───── Data for analysis ─────

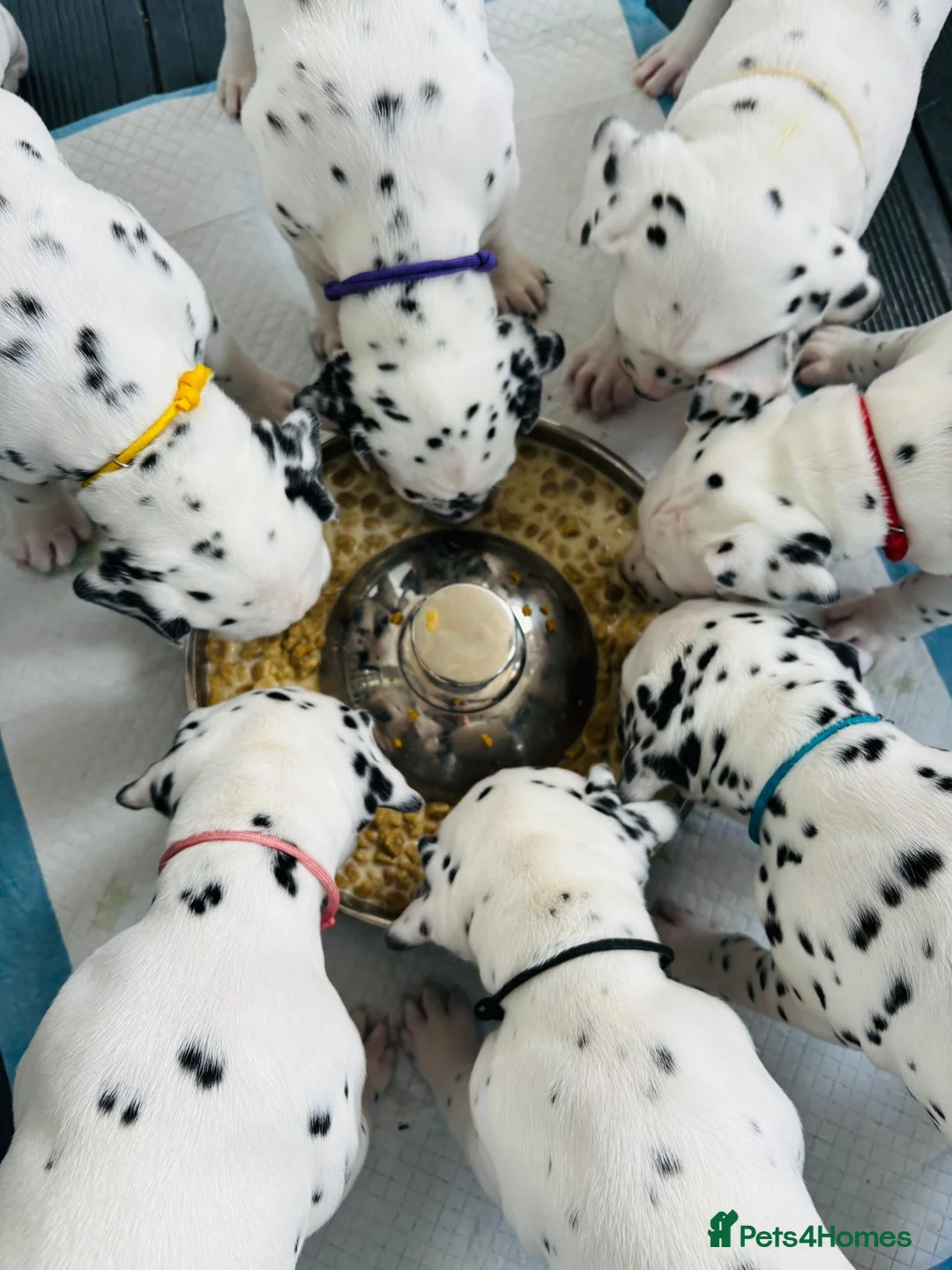 Dalmatian dogs for sale: Dalmatian puppies (5 males and 2 bitches) - Advert 1
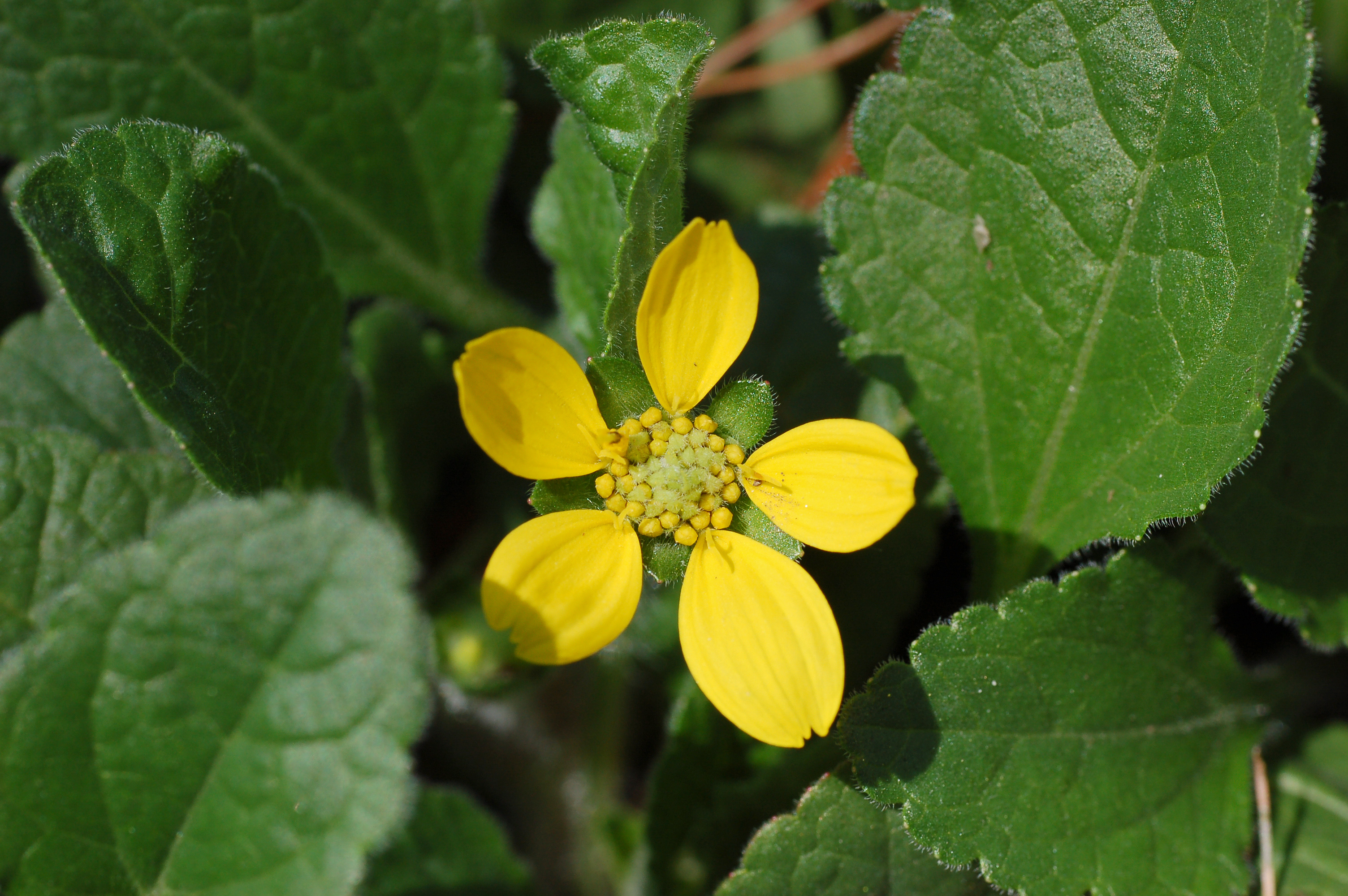 Green-And-Gold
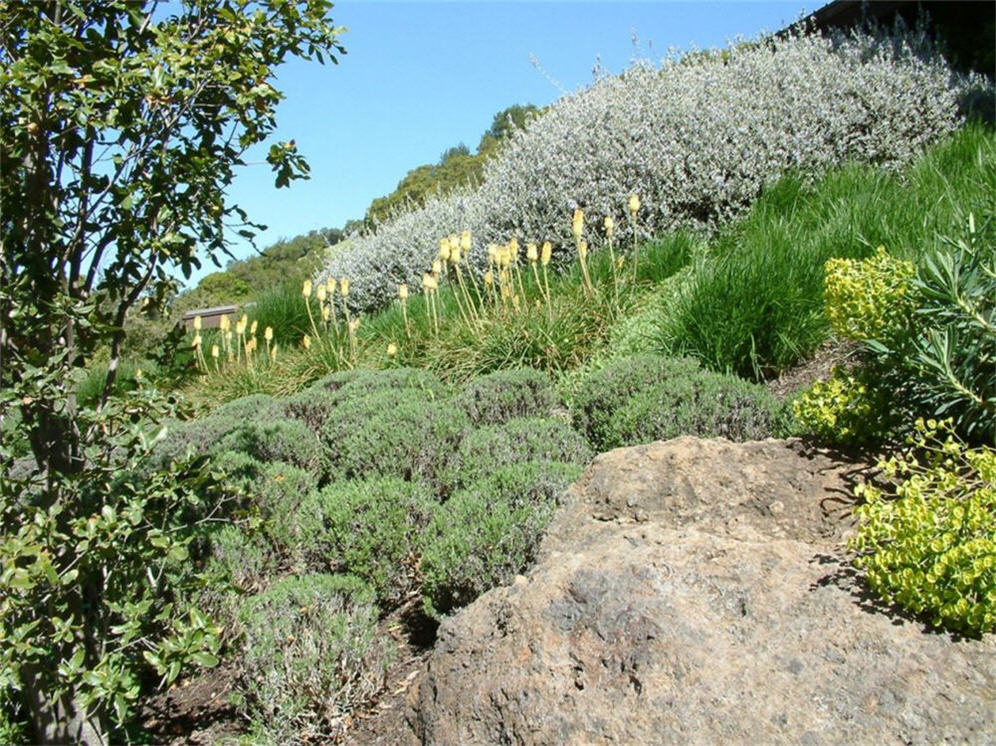 Hillside Detail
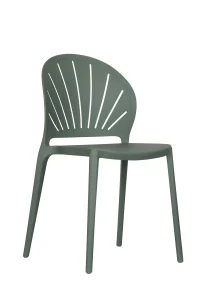 Plastic Dining Chairs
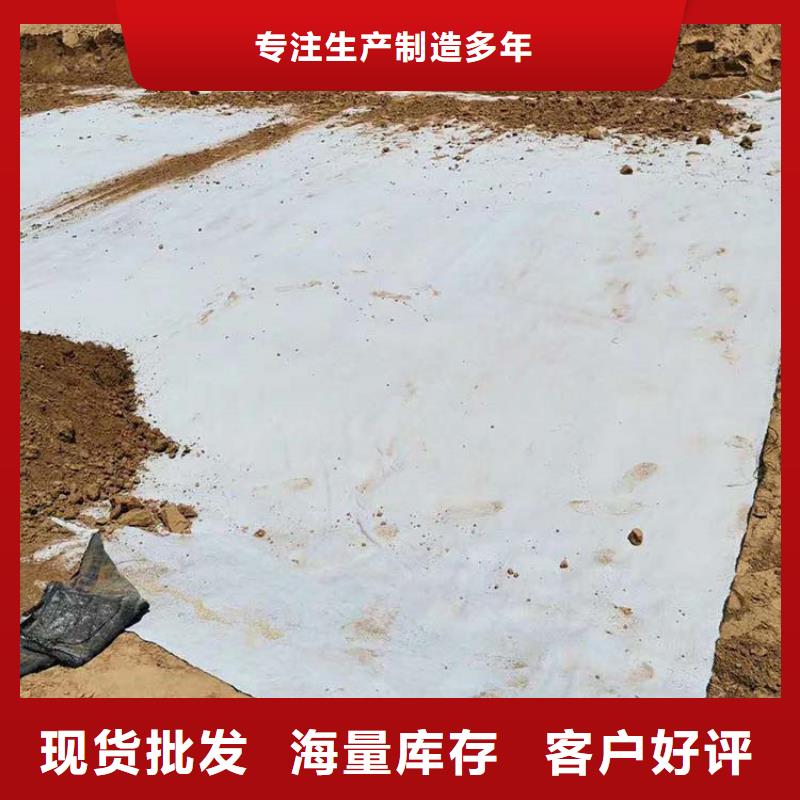 膨润土防水毯玻纤格栅一站式采购商家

─────

Problem
Every line from the one with "Green-And-Gold" to the end of the records above should be restated word for word, and no picture belongs in the copy.

Expected answer
 Green-And-Gold
 Hillside Detail
 Plastic Dining Chairs
 膨润土防水毯玻纤格栅一站式采购商家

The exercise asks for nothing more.